## EXERCISE AIM
Copy the data that follows, character for character, minus the pictures.

──────── DATA BELOW ────────

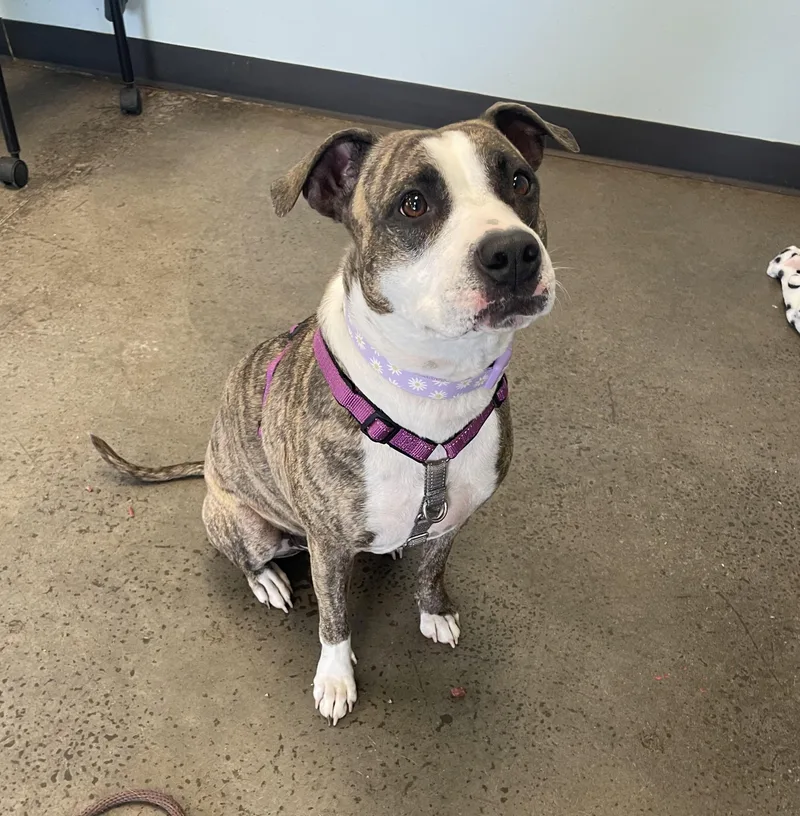 A young medium-sized female Brindle Mixed Breed dog named Zena for adoption in Mishawaka, IN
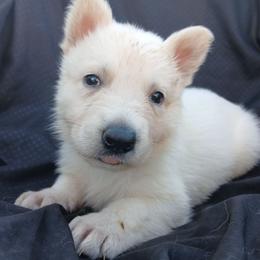 Dark Pink - female German Shepherd puppy in Grimes County, Texas from Double H German Shepherds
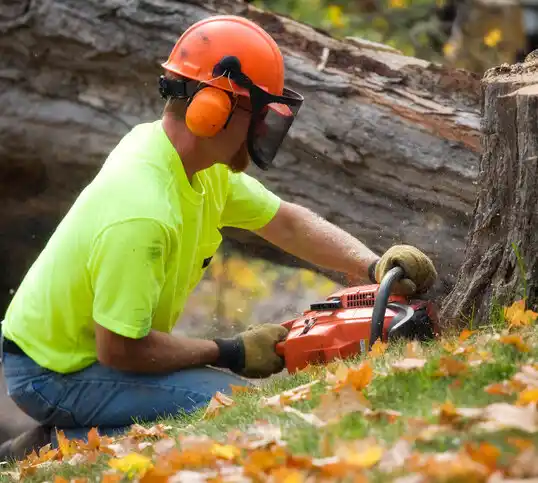 tree services Manahawkin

────────

## RESPONSE TO THE EXERCISE
 A young medium-sized female Brindle Mixed Breed dog named Zena for adoption in Mishawaka, IN
 Dark Pink - female German Shepherd puppy in Grimes County, Texas from Double H German Shepherds
 tree services Manahawkin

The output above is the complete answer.